Credit and Finance for MSMEs: Credit rating agency Crisil on Monday said it expects the gross non-performing assets (NPAs) of non-banking financial companies (NBFCs) to increase by 25-300 basis points because of the new NPA recognition norms by the Reserve Bank of India (RBI). While home loans and gold loans will be the least impacted, unsecured and micro, small and medium enterprise (MSME) loans will bear the brunt. Across multiple segments including home loans, vehicle loans, gold loans, unsecured, MSME finance, wholesale finance, and microfinance, the extent of the impact on gross NPAs of NBFCs will be highest in unsecured loans category at 1.5 to 3 per cent followed by 1 to 3 per cent in MSME loans.
“MSME loans will be one of the most impacted segments. There are dual issues that have impacted the MSME sector. The first and second waves of Covid impacted MSMEs and unsecured segments more while large corporates were much less impacted. So that’s one headwind MSMEs have been facing essentially because their balance sheets are not as strong as large corporates. In terms of their ability or resilience to face something as unprecedented as a Covid pandemic, that is definitely lower. Also, recovery time for them will be higher in the days ahead,” Krishnan Sitaraman, Senior Director and Deputy Chief Ratings Officer, Crisil Ratings told Financial Express Online
However, the increase in gross NPAs because of the revised recognition norms will be largely an accounting impact because, given the improving economy, the credit profiles of borrowers are not expected to deteriorate, Crisil said. Consequently, ultimate credit losses are not expected to change significantly. The RBI had recently changed the NPA recognition norms to a daily due-date basis instead of the month-end. NBFCs usually increase collection activity between the due date and the month-end, and as a result, their overdues decline by the end of the month. However, this flexibility doesn’t exist now.

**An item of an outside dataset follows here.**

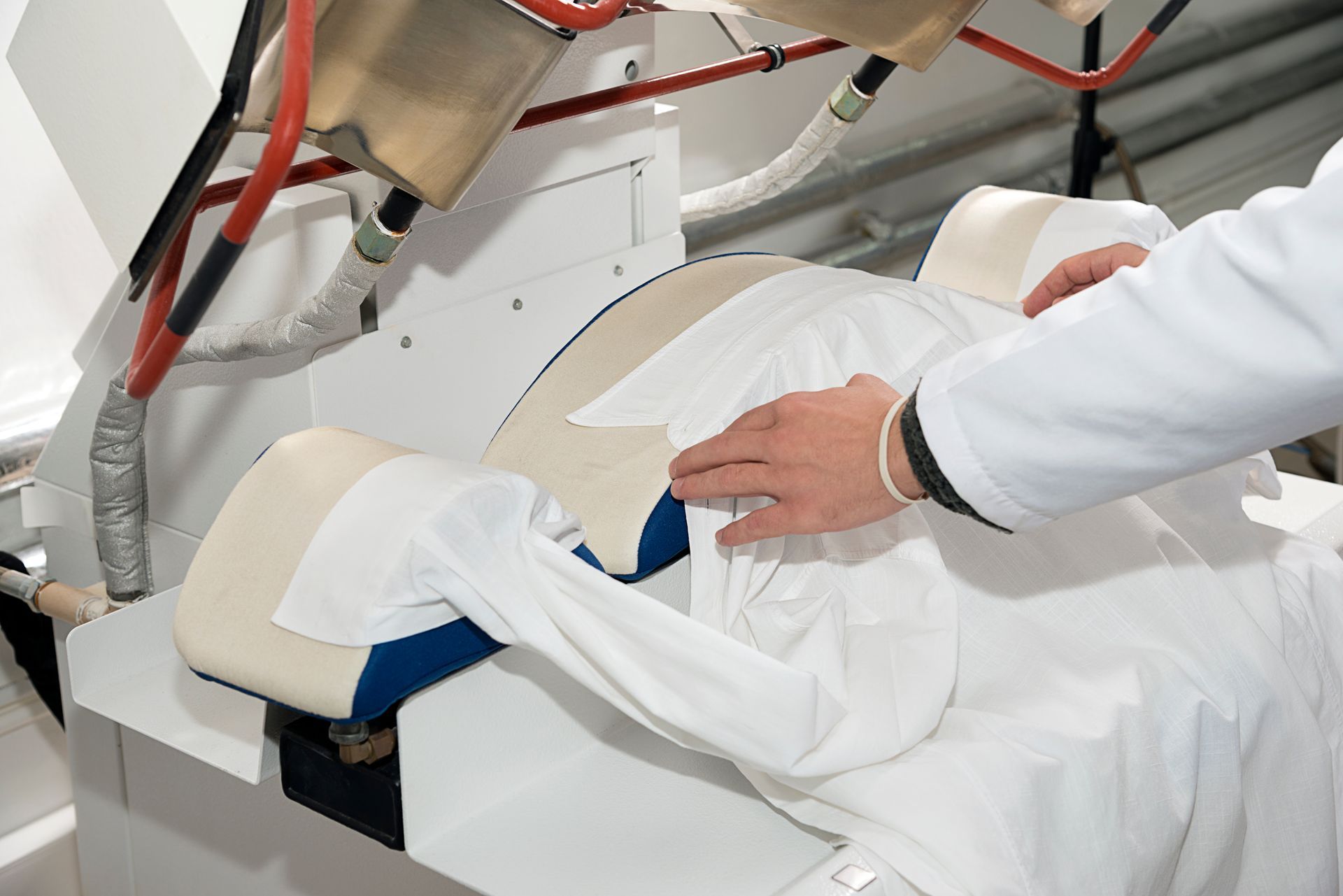 Une personne en blouse blanche utilise une presse à chemises industrielle.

“The impact (of changes in asset classification norms by RBI) would be across all borrower types such as consumers or corporates and not just MSMEs. But MSME lenders might be more impacted as they would have a higher proportion of loans under NPA and restructuring due to covid. However, the classifications shouldn’t lead to a surge of bad loans, it will lead to fewer bad loans being upgraded back to standard assets. Hence the provisioning and capital requirements could increase for NBFCs and banks,” Aditya Damani, Founder, Credit Fair had told Financial Express Online.

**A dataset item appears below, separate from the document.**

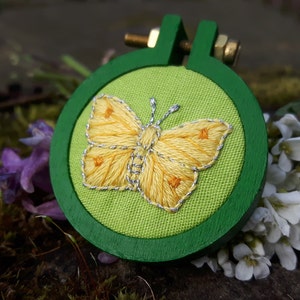 Op de afbeelding: Een geborduurde gele vlinder op een groene stoffen achtergrond in een houten borduurring.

In terms of return on assets (RoA), returns for NBFCs will remain subdued across segments this financial year even as pick-up is expected next financial year on the back of economic recovery. ROAs in the MSME segment is expected to dip to around 1.3 per cent this financial year from around 1.5 per cent in FY21 and nearly 2 per cent in FY20. In FY23, this is likely to be around 1.4 per cent, as per Crisil’s report titled NBFC revival in the post-pandemic era.
“Loans to MSMEs will have a higher impact in terms of NPAs going up as compared to other segments. But we are seeing green shoots happening, collections have improved on MSME loans as well and things are on an upward trajectory,” added Sitaraman. However, the agency noted that the assets under management (AUM) of NBFCs is expected to grow 8-10 per cent this FY on the back of improving economic activity and strengthened balance sheet buffers.